Карта родины | страница 98



Сказочные дети летели в свою сказочную землю, вооруженные точными указаниями: «второй поворот направо, а дальше до самого утра», поразительно напоминающими шутку, которую в армии произносили каждый день: «копать от забора и до обеда». Чем мы и занимались вместе со всей страной. Наша Небывалия была с нами. Точнее — мы в ней.

НА КРАЮ ТВЕРДИ

До Нью-Йорка было ближе на восток, чем на запад. Всегда мечтал побывать на Тихом океане — и побывал, но сначала с той, американской стороны, в Калифорнии. Отчего Тихий океан выиграл. Владивостокцы любят сравнивать свой город с Сан-Франциско, потому что в Сан-Франциско не бывали. Общего — холмы и бухты. Береговая линия во Владивостоке старательно искажена и изгажена: ржавые корпуса кораблей, подъемные механизмы, единственный прогулочный участок с названием под стать — Спортгавань — украшен слепым кирпичным кубом яхт-клуба. Лишь магия слов смягчает впечатления. Сопки — просто-напросто холмы, но необычность имени плюс душераздирающий вальс, и глядишь с неизъяснимым волнением.

Возбуждение от новизны появляется еще в самолете и подтверждается на пути от аэропорта к центру. Иероглифы вывесок: совместные с южнокорейцами предприятия.
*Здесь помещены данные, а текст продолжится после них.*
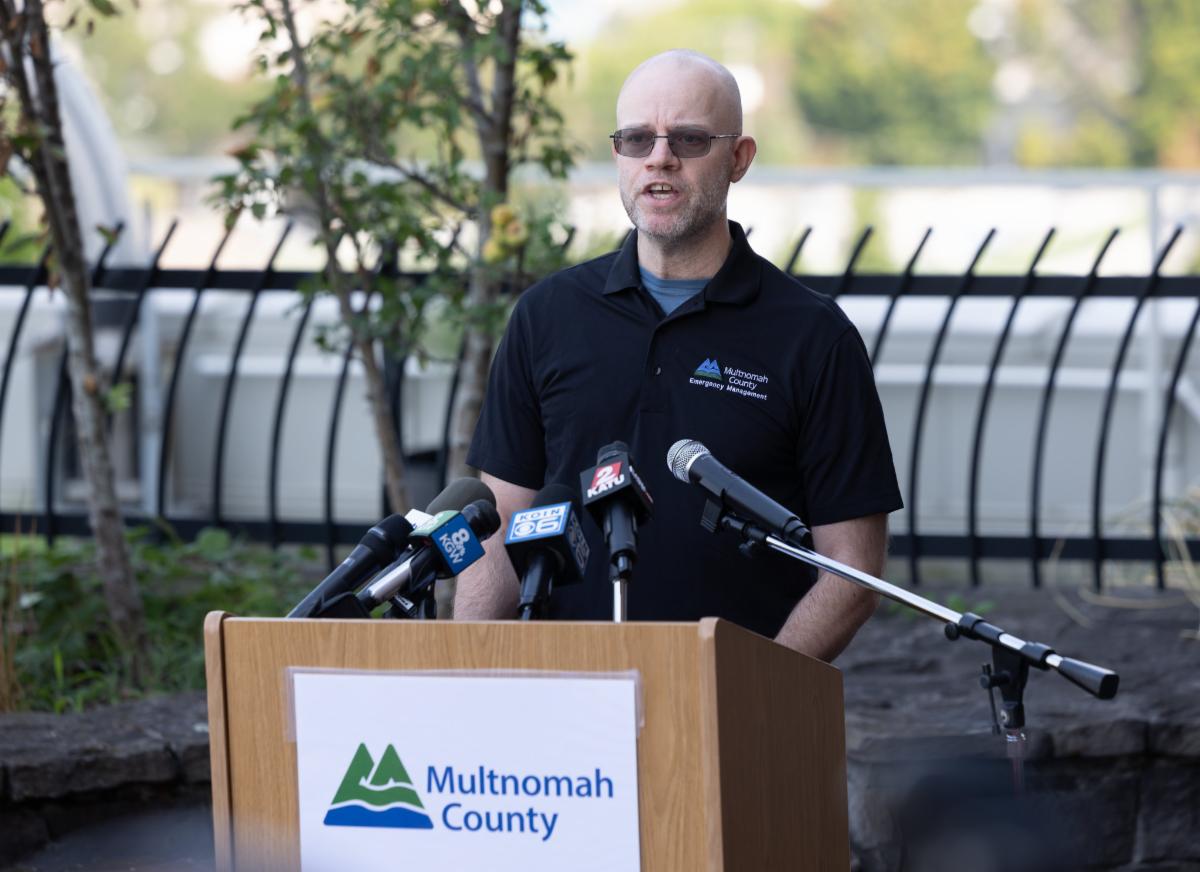 MCEM Director Chris Voss stands behind a podium at a press conference giving updates on the heat event.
Смуглые лица с удлиненными глазами: во Владивостоке и еще больше в Южно-Сахалинске дальневосточная добавка вносит некий акцент, придает четкость русской мягкости облика: по улицам идут красавицы с глянцевых календарей, только лучше. Еще страннее, что по улицам ездит. «Жигулей» и «москвичей» почти не видать — сплошь «тойоты» и «хонды». Сначала кажется, что Владивосток — город особо эмансипированных женщин, мечта феминисток, потом вспоминаешь, что у японских машин руль справа.
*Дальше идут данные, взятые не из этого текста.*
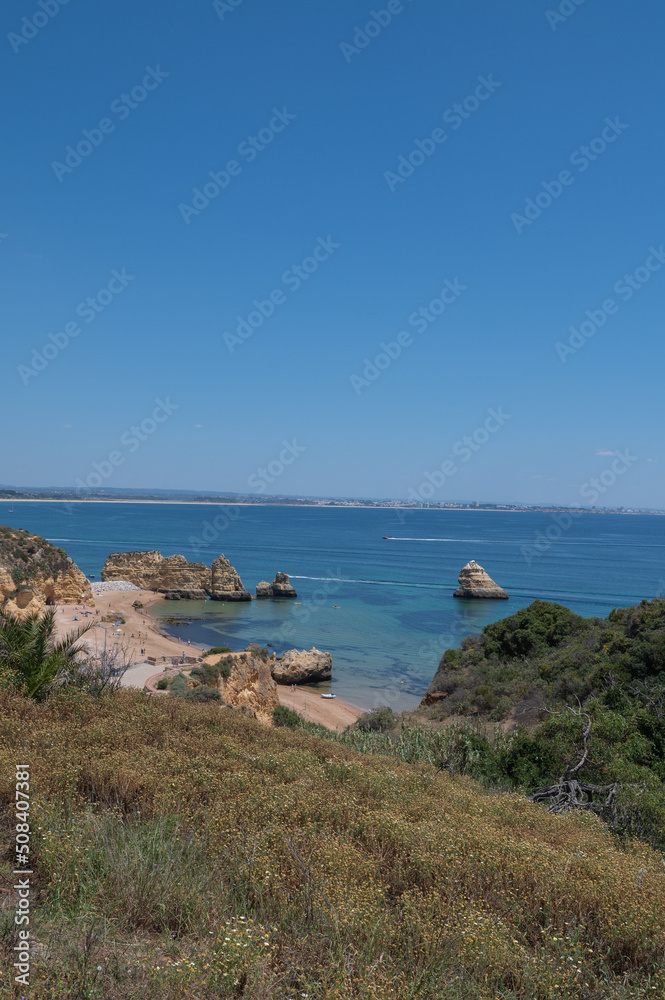 Panorama of the tourist Praia de Dona Ana de Lagos in the Algarve, Portugal in the summer of 2022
Подержанную «тойоту» в отличном состоянии можно купить долларов за пятьсот. Довезенная до Москвы, она удорожается в пять-шесть раз, но на месте — по карману. Особенно если привозишь сам, а это путь налаженный; на разовый рейс устраиваешься дневальным или на камбуз, а корабль, независимо от назначения, завернет в Японию за машинами. Нарядное зрелище — возвращающееся из плавания судно похоже на ежика из детской книжки. Пестрые автомобили принайтовлены к основанию мачты, к траловым дугам, к кран-балкам, водружены на капы кубриков и чуть ли не развешаны по бортам.
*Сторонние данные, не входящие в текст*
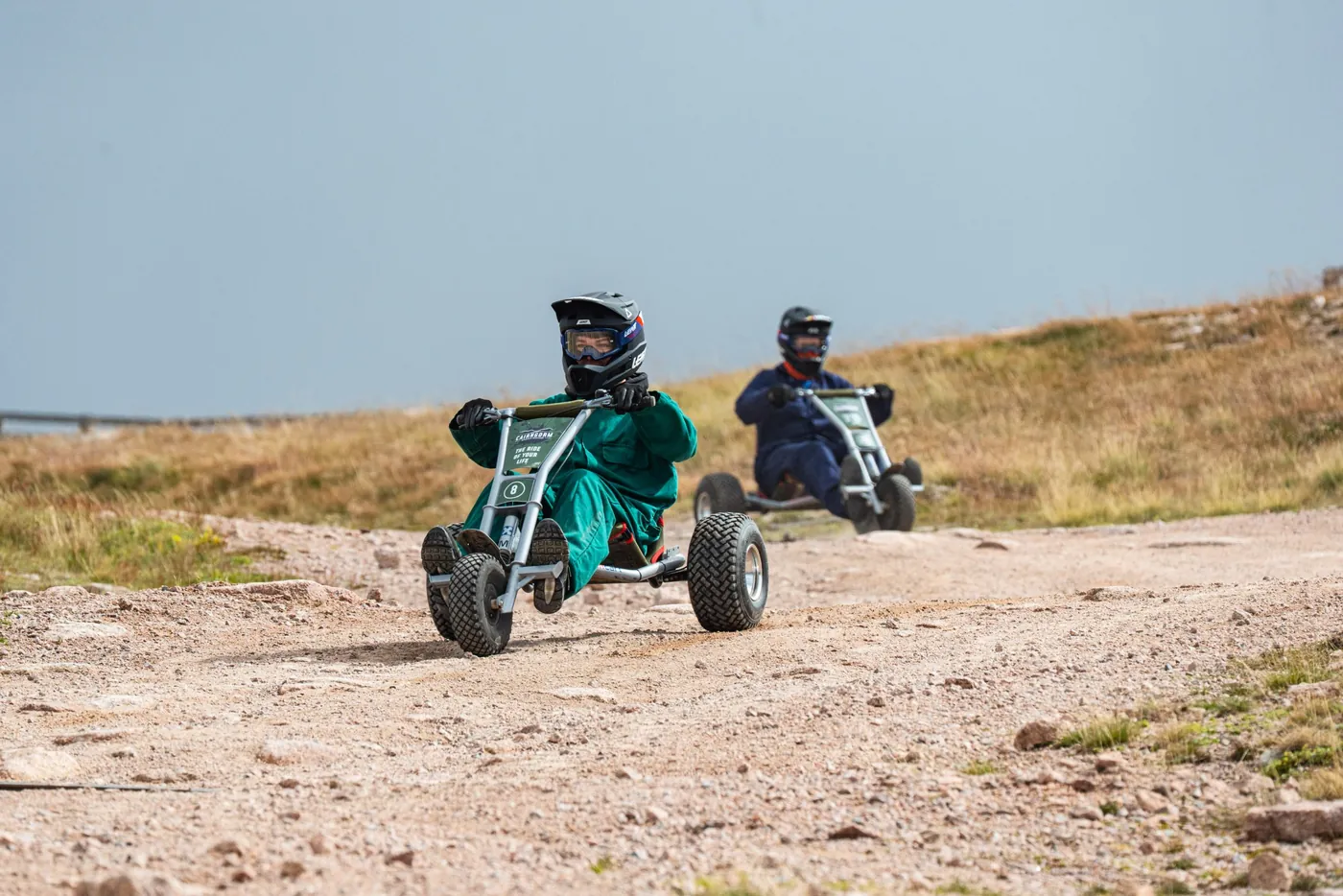 Two mountain carters in helmets racing down a gravel track.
Автомобилизация Дальнего Востока причудлива: в таежной деревне Кия — блестящая «мазда» возле отчаянной развалюхи. В самом центре Владивостока, на улице Фокина, во дворе с сортиром посредине, прямо в огромной луже экскрементов — два белоснежных «ниссана». Над ними, на насесте неописуемого убожества, который оказывается квартирой, — благодушно расслабленный от принятого с утра отставной китобой Владимир Михайлович, выдавший формулу счастья: «У меня все есть. Телевизор. Картошка, морковка, лучок, горчица, перец». Я вышел из подворотни на оживленную улицу, забитую киосками с корейской лапшой, китайскими джинсами, японской электроникой, купил что-то якобы американское, с белым орлом на этикетке, и мы продолжили. Дальнейший разговор, как «Болеро», возвращался к рецепту благополучия. О политике Владимир Михайлович сказал: «Ельцин неплохой мужик, но его окружает вся эта наркомания. Погнал бы всех и жил как человек. Что ему надо-то? Посмотрел телевизор, сел за стол — картошка, морковка, лучок, горчица, перец». Господи, неужели правда?